#### Data excerpts

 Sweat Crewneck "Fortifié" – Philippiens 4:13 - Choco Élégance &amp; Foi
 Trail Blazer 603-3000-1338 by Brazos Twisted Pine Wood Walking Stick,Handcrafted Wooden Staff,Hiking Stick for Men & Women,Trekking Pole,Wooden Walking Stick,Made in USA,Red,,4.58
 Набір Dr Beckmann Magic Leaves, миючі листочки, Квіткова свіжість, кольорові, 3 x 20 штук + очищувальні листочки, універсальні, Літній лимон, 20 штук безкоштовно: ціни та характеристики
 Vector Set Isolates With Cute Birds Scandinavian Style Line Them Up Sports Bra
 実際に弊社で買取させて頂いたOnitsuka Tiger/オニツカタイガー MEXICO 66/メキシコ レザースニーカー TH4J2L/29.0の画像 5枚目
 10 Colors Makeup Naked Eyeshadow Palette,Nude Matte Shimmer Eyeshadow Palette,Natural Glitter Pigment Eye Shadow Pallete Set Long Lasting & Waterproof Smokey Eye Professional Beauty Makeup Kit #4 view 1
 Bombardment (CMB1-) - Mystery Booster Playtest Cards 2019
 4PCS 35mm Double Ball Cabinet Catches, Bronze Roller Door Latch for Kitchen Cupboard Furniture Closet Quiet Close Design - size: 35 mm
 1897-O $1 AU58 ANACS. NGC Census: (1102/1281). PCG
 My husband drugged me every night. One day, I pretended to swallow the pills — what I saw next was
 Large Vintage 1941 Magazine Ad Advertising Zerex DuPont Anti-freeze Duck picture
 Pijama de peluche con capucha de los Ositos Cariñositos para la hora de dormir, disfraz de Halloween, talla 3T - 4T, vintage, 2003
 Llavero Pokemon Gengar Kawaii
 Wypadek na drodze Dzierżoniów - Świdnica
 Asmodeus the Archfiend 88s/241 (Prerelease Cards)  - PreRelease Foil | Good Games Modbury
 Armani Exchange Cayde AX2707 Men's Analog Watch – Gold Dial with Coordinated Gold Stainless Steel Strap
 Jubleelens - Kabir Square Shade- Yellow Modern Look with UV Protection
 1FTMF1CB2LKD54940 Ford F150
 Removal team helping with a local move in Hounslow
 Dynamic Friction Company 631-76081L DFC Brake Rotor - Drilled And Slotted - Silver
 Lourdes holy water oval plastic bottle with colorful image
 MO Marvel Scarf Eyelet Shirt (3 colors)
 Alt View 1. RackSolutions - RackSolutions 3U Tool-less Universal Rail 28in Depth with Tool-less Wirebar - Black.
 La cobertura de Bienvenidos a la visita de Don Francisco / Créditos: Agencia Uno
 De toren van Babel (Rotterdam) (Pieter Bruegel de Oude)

########

■ Problem statement:
Your task is to retype the entries verbatim, starting with the line that holds "Jubleelens - Kabir" and stopping after the line that holds "La cobertura de".

■ Answer box:
 Jubleelens - Kabir Square Shade- Yellow Modern Look with UV Protection
 1FTMF1CB2LKD54940 Ford F150
 Removal team helping with a local move in Hounslow
 Dynamic Friction Company 631-76081L DFC Brake Rotor - Drilled And Slotted - Silver
 Lourdes holy water oval plastic bottle with colorful image
 MO Marvel Scarf Eyelet Shirt (3 colors)
 Alt View 1. RackSolutions - RackSolutions 3U Tool-less Universal Rail 28in Depth with Tool-less Wirebar - Black.
 La cobertura de Bienvenidos a la visita de Don Francisco / Créditos: Agencia Uno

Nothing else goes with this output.